How hard could it be, right?
I’ve been to dozens of graveside funeral services in Cedar Hill Cemetery, I’ve got family in Cedar Hill Cemetery and I used to walk the roads of Cedar Hill Cemetery at lunchtime every day for exercise.
I figured it would take me no time to find the graves she was looking for.
So I started with the oldest part of the cemetery, as I thought the graves might be located there, and I started my walk.
And I walked.
And I walked.
And I walked.
OK, you get the idea.
Along the way, I walked by the “Jeter Statue”, which marks the Jeter family plot.
Every time I passed by the statue (and it was quite a few times that I passed by it), I couldn’t help by go back to a story I had heard as a child and wrote about several years ago in The Virginian Review.

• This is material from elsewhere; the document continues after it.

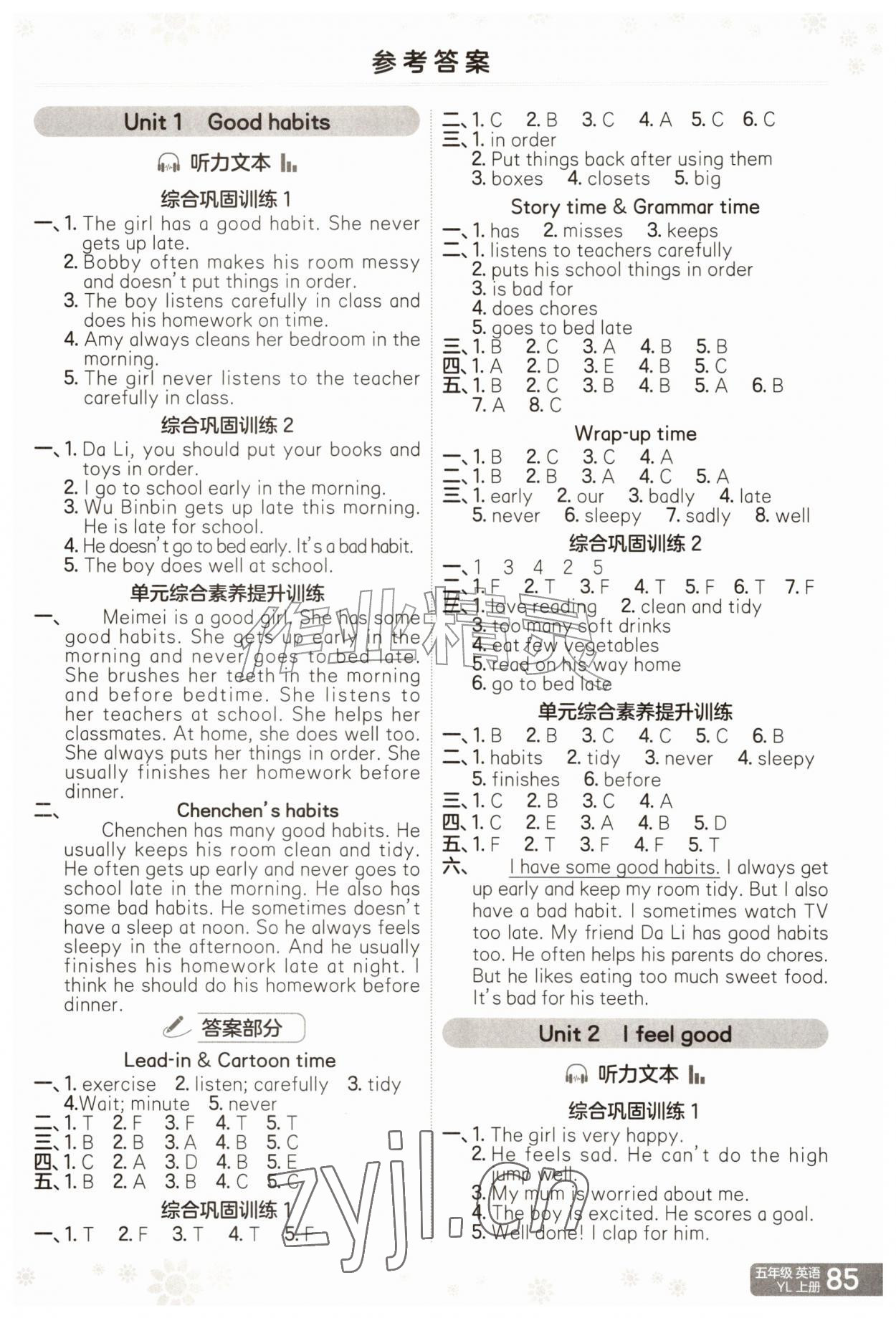 2026年分层进阶一课一练五年级英语上册译林版&nbsp;第1页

According to legend, the statue depicts Annie Jeter, wife of James Jeter, who had fallen down the stairs of the church on her wedding day, breaking her neck.
The Jeter name has a long-standing history in the Covington and Alleghany County area.
I knew from the basic histories of the area that the name of the current Jeter-Watson Intermediate School in Covington name came from the old Jeter School, which was located on Locust Street where the Mid-City Mall Parking Lot is today, and Watson High School, which served as the African-American high school until desegregation and consolidation of the high schools in 1967.
The Jeter School was named after James Garrett Jeter, who was a teacher, principal and superintendent in Alleghany County schools in the early part of the 20th Century. It was torn down in 1969.
James Jeter was born in Franklin County in 1860, came to Covington in about 1892 to become a teacher and principal at the Covington School, married a lady named Annie Maria Smith in 1894 and became school superintendent for Alleghany County and Clifton Forge schools in 1910, retiring in July 1933.
Sadly, Annie died on May 8, 1912, at the age of 48 and was buried at Cedar Hill Cemetery.
After some digging online, I found an obituary for Annie Jeter in the May 9, 1912, edition of The Richmond Times Dispatch, which read: “Mrs. Annie M. Jeter, aged forty-eight, wife of Professor J. G. Jeter, died in Covington today, after an illness of twenty-four hours from an attack of acute peritonitis. Mrs. Jeter was very prominent in both social and religious affairs. She was Miss Annie M. Smith, daughter of Rev. H. B. Smith, a Presbyterian minister, who formerly lived in Franklin County, Va., but who died several years ago in Alabama. Her mother died when she was a child.”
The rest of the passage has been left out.